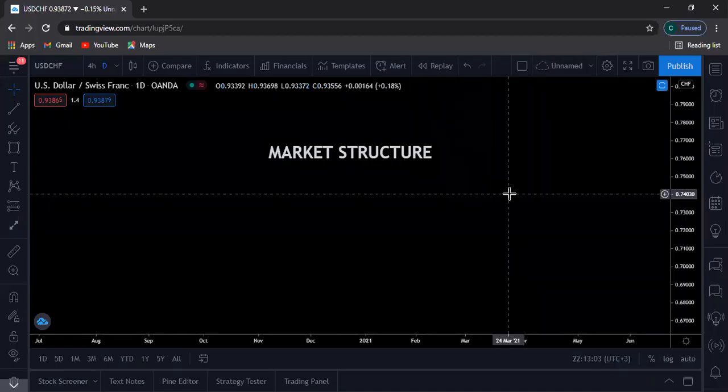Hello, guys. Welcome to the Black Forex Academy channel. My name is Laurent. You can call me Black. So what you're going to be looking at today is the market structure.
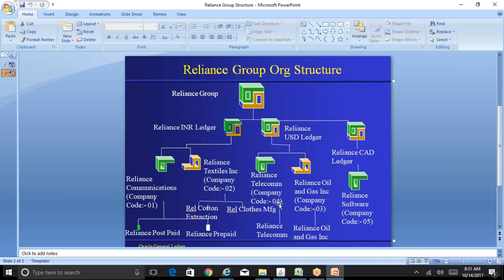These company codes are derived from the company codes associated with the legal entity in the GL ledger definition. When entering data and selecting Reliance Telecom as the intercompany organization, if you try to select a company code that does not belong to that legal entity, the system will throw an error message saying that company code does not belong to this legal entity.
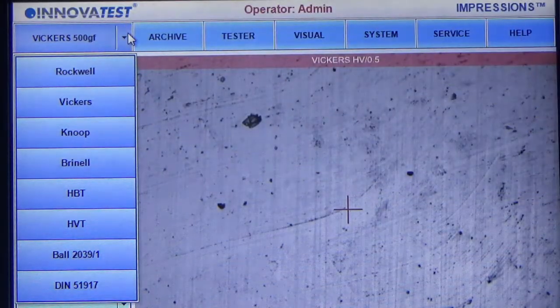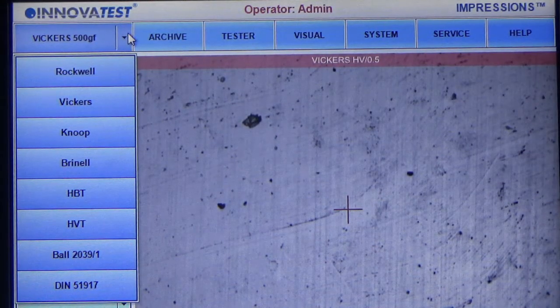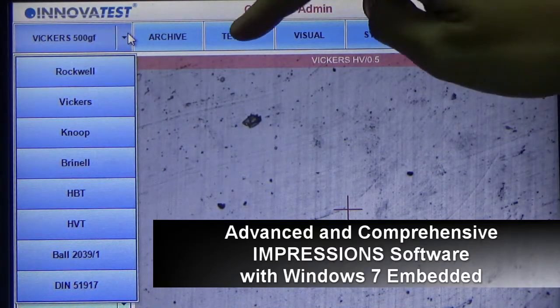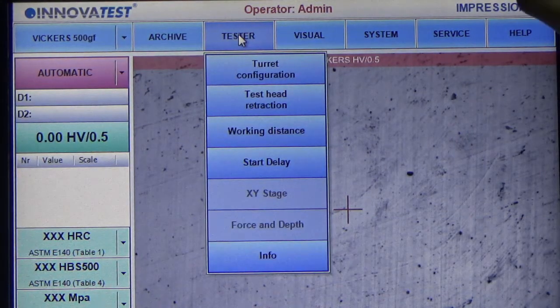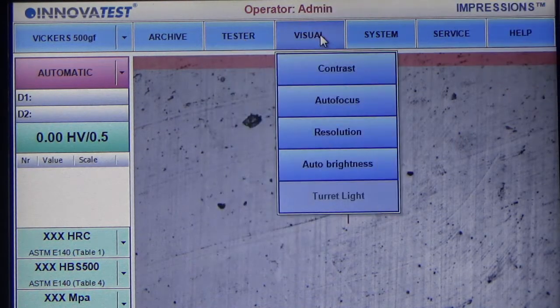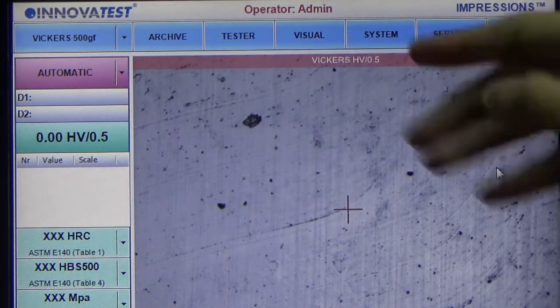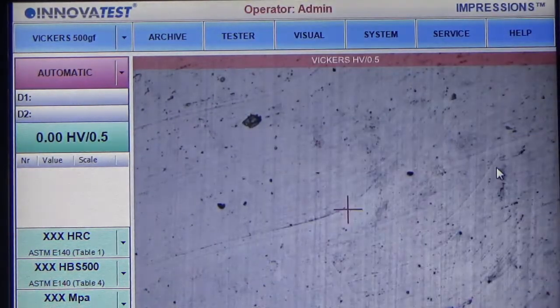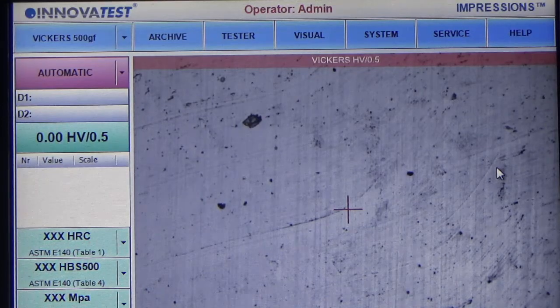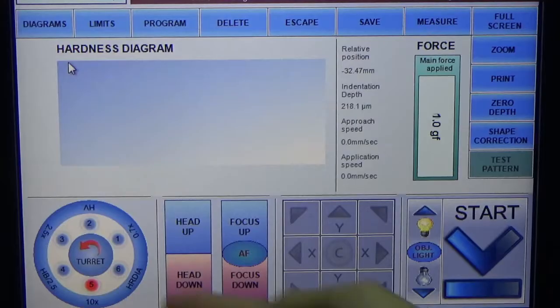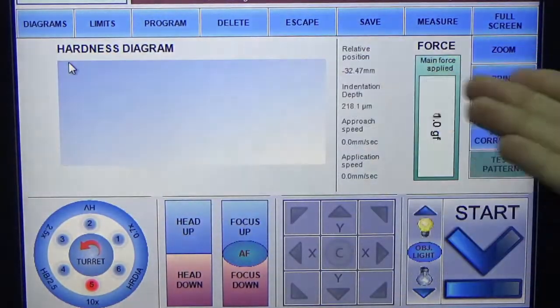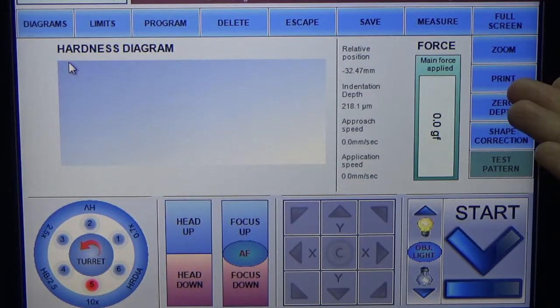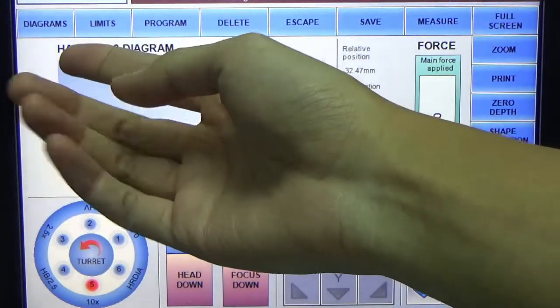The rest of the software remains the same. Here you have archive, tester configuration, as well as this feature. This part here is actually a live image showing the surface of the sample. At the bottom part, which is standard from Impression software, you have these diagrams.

══════════

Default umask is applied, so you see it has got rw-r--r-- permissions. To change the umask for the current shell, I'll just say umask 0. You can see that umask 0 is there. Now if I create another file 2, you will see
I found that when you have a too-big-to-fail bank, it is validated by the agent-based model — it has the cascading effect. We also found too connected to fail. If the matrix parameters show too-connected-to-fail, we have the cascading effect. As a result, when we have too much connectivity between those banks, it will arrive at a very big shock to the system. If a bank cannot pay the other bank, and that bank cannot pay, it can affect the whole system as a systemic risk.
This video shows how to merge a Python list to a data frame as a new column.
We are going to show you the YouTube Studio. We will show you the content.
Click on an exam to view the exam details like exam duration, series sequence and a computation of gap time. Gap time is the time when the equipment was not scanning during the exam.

══════════

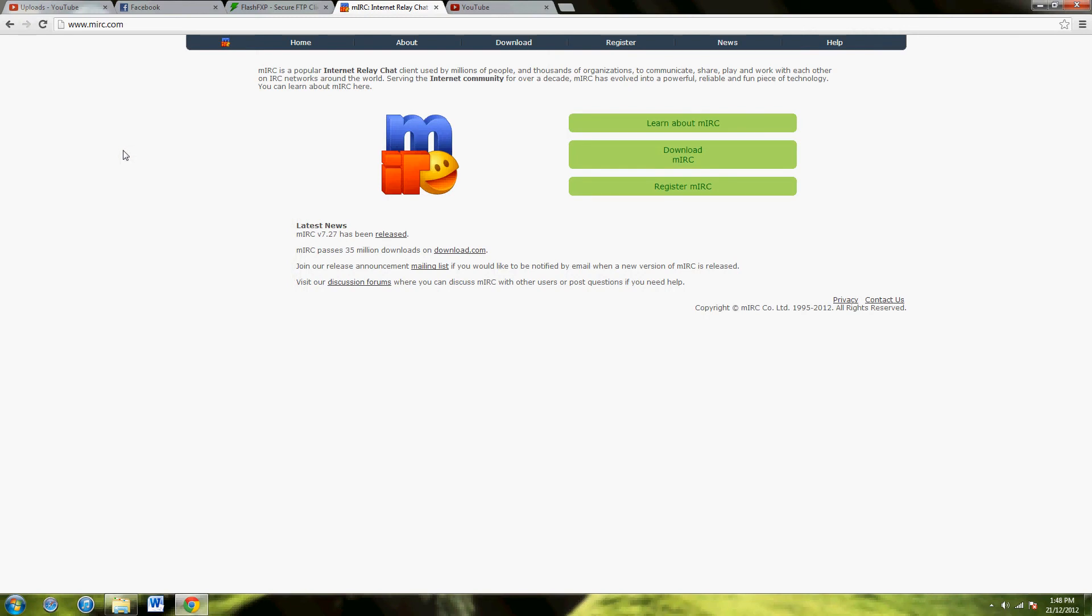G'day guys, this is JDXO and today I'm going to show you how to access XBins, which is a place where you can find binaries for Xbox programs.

══════════

▶ _TASK TO COMPLETE_
From the records above, repeat exactly the lines from the one with "This video shows" through the one with "Click on an", both included.

▶ _TASK RESULT_
This video shows how to merge a Python list to a data frame as a new column.
We are going to show you the YouTube Studio. We will show you the content.
Click on an exam to view the exam details like exam duration, series sequence and a computation of gap time. Gap time is the time when the equipment was not scanning during the exam.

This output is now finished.